### DIRECTIONS FOR THIS TASK
The answer consists solely of the lines running from the one with "Collier touareg en argent et bois d'ébène" through the final line below, transcribed exactly and without any pictures.

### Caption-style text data
= = = = = = =

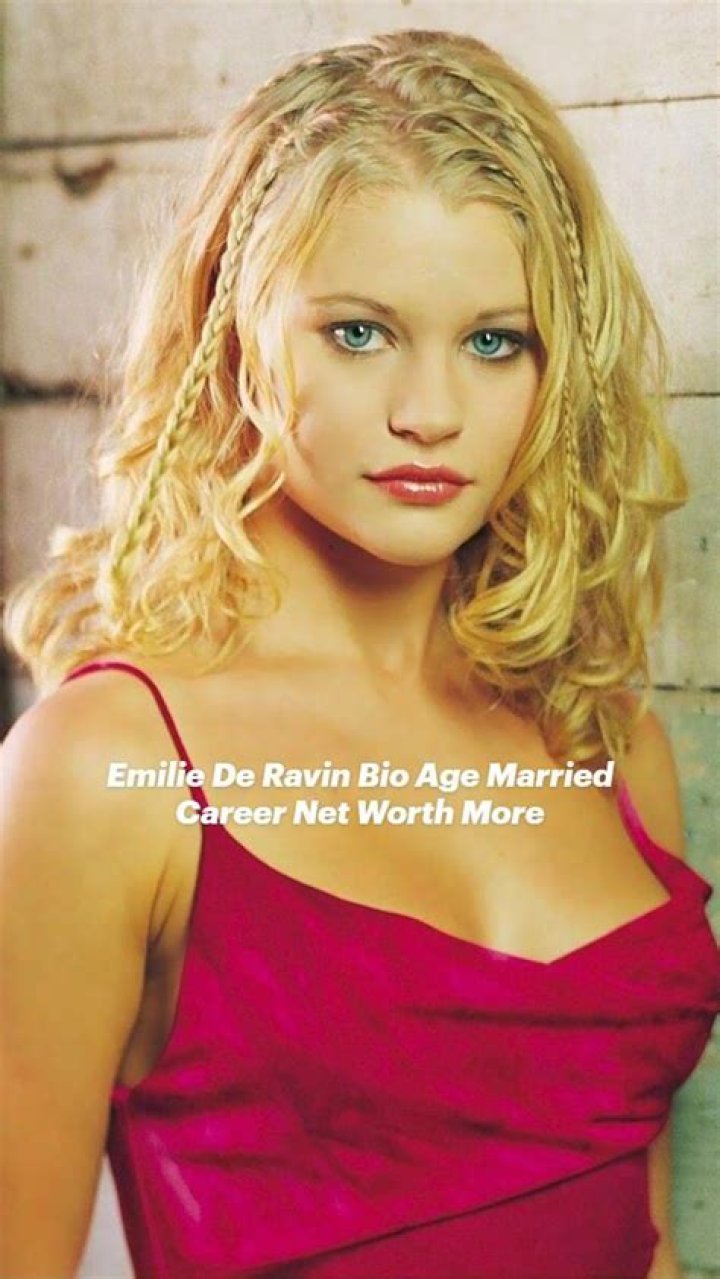 Emilie De Ravin | Bio, Age, Net Worth, Relationship, Career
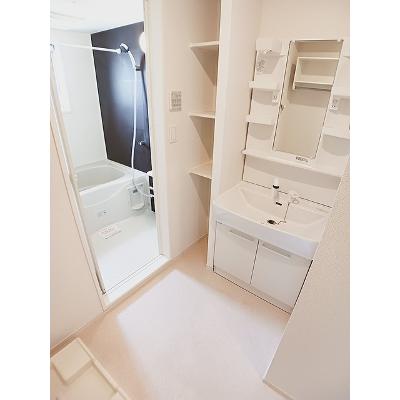 クレセントヒルズ 203【管理NO：1-022917101-02030】 ★家具家電は申し込み後に搬入します★の物件画像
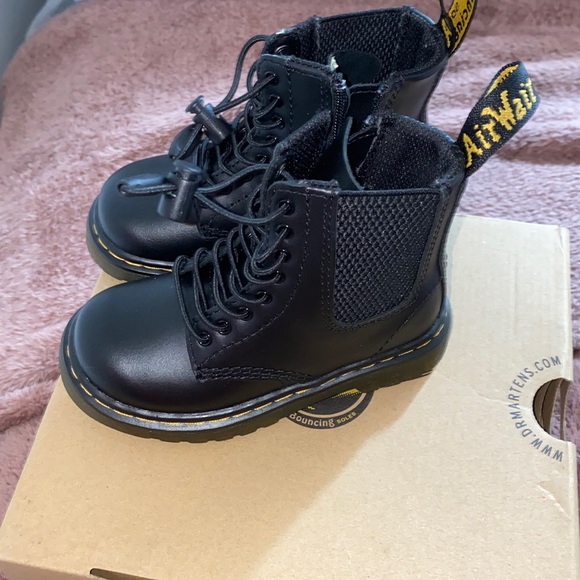 Dr. Martens Other - DR. MARTENS TODDLER SIZE 7 with zipper brand new $90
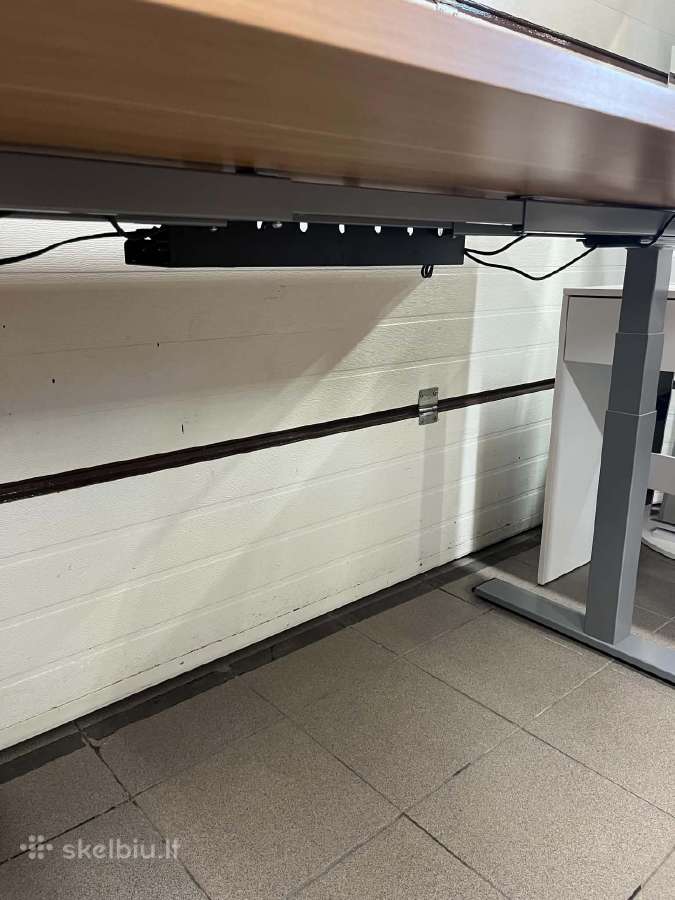 Reguliuojamo aukščio elektrinis stalas Flexispot - nuotraukos Nr. 5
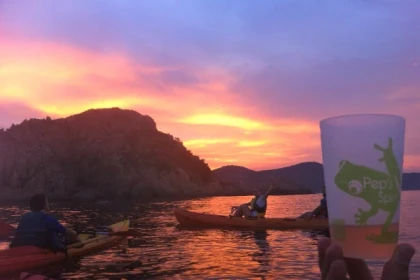 Guided kayak tour - SUNSET on the beach of Pampelonne - Expérience Côte d'Azur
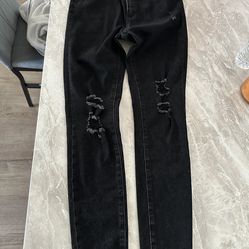 Jeans and 1 gym legging (light grey)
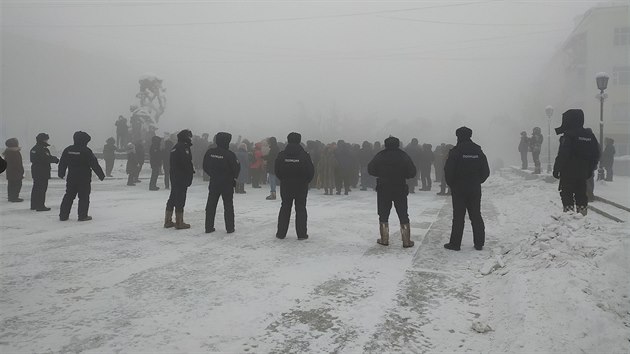 Ruští policisté se připravují na protesty proti zadržení hlavního opozičního předáka Alexeje Navalného. (23. ledna 2021)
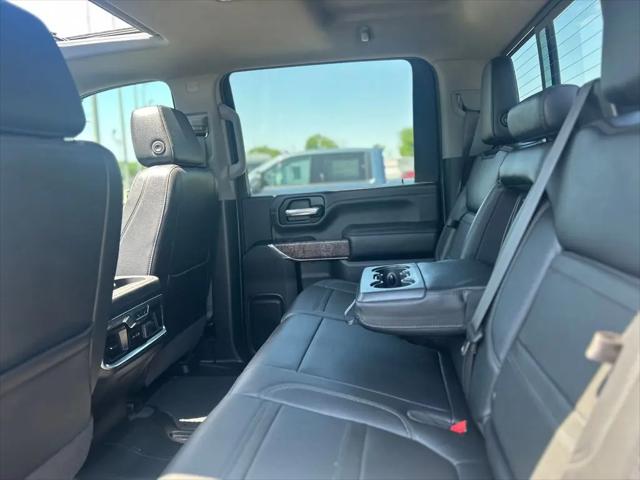 2023 GMC Sierra 3500HD 4WD Crew Cab Standard Bed Denali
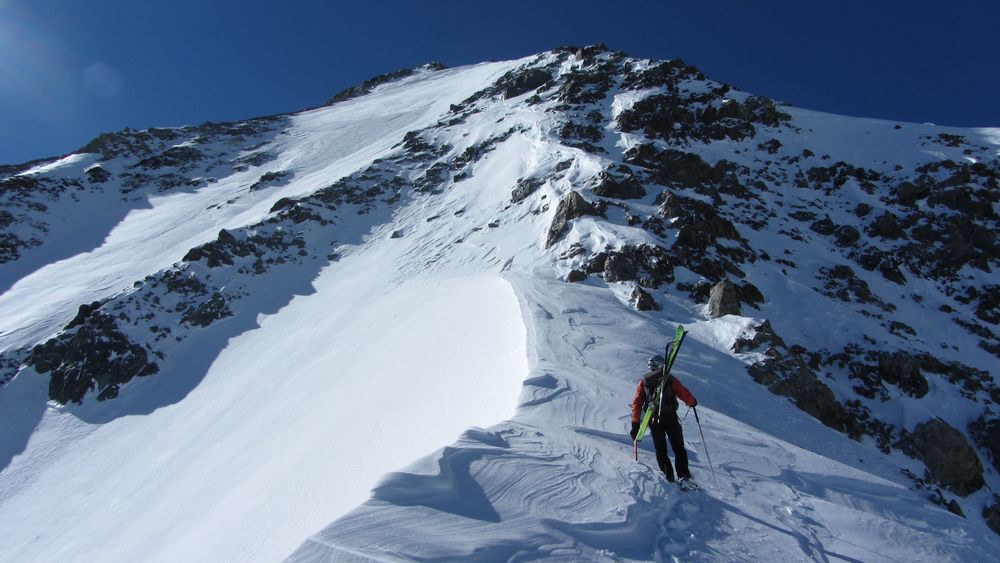 Calotte et sommet : oubliez le sommet en ce moment, l'enneigement est famélique au dessus de 3100-3200m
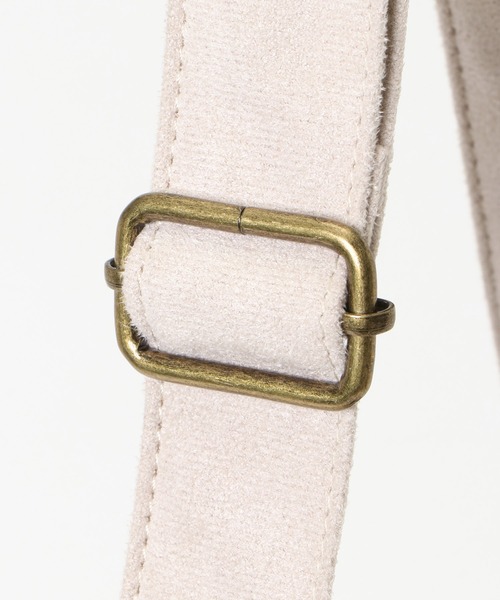 ikka（イッカ）の「フェイクスェードアウトポケット2WAYショルダーBAG（ショルダーバッグ・メンズ・ライトグレー/ブラック/ブラウン・FREE）」の11枚目の写真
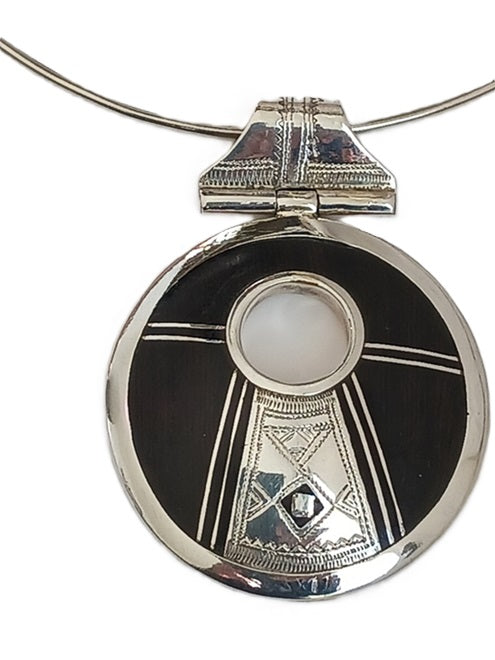Collier touareg en argent et bois d'ébène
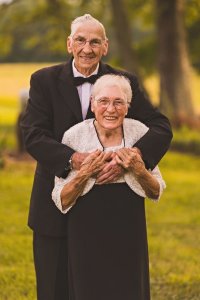 Простите меня, пожалуйста... Но я таки не мог удержаться...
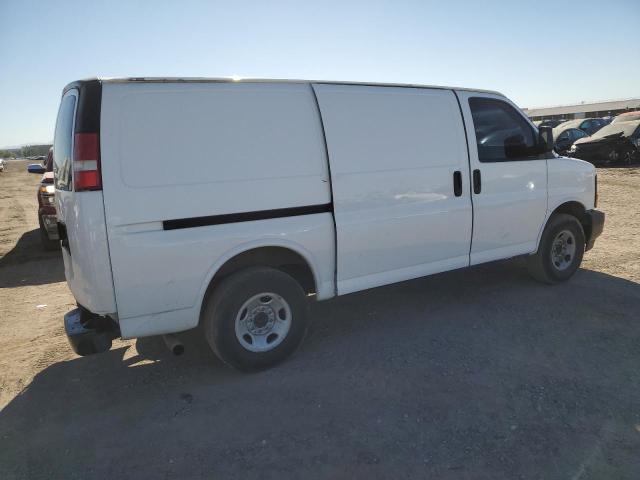 1GCZGTBA6E1112359 - 2014 CHEVROLET EXPRESS G3 WHITE photo 3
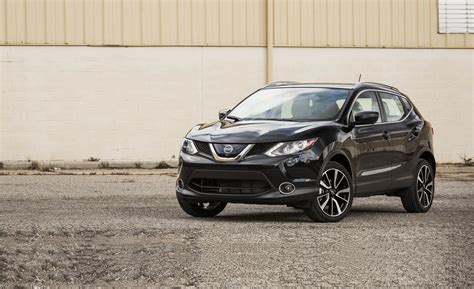Back to all 2020 nissan cars, trucks, and suvs see all nissan rogue sport years. 2020 Nissan Rogue Sport Reviews | Nissan Rogue Sport Price ...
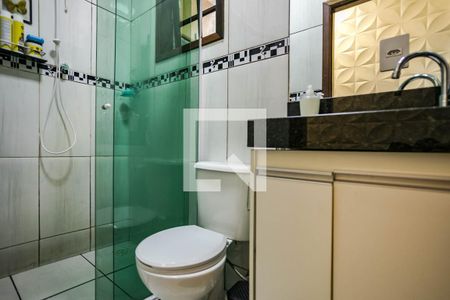 Banheiro de casa para alugar com 2 quartos, 125m² em Jardim Cambuci, Mogi das Cruzes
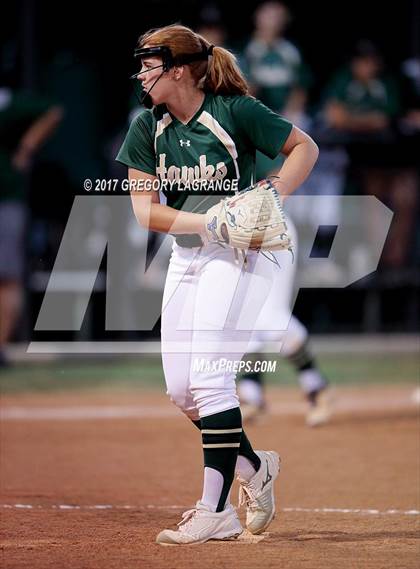 Thumbnail 3 in Ryan vs Birdville photogallery.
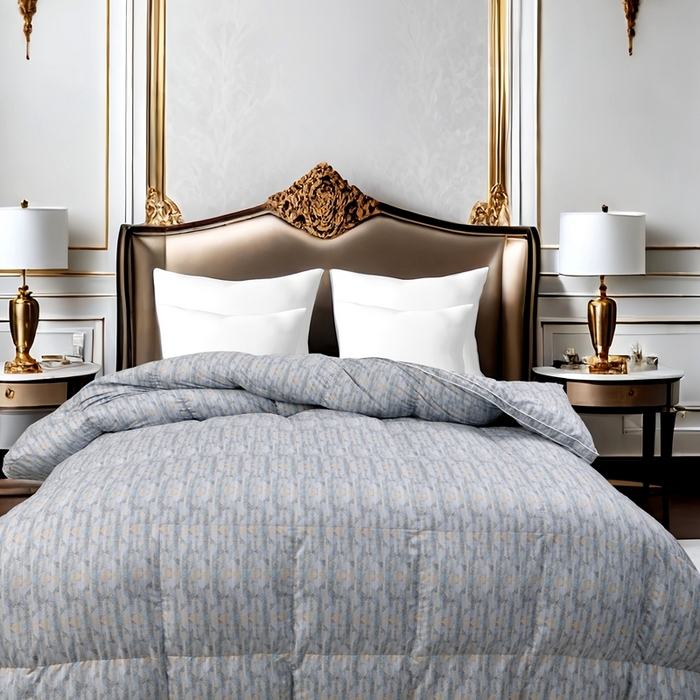 91家纺网 家纺一手货源 找家纺 卡迪亚家纺 2025新款米兰达白鹅被469羽魅系列被子被芯 羽魅玛丽蓝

= = = = = = =

### ANSWER FOR THE TASK
Collier touareg en argent et bois d'ébène
 Простите меня, пожалуйста... Но я таки не мог удержаться...
 1GCZGTBA6E1112359 - 2014 CHEVROLET EXPRESS G3 WHITE photo 3
Back to all 2020 nissan cars, trucks, and suvs see all nissan rogue sport years. 2020 Nissan Rogue Sport Reviews | Nissan Rogue Sport Price ...
 Banheiro de casa para alugar com 2 quartos, 125m² em Jardim Cambuci, Mogi das Cruzes
 Thumbnail 3 in Ryan vs Birdville photogallery.
 91家纺网 家纺一手货源 找家纺 卡迪亚家纺 2025新款米兰达白鹅被469羽魅系列被子被芯 羽魅玛丽蓝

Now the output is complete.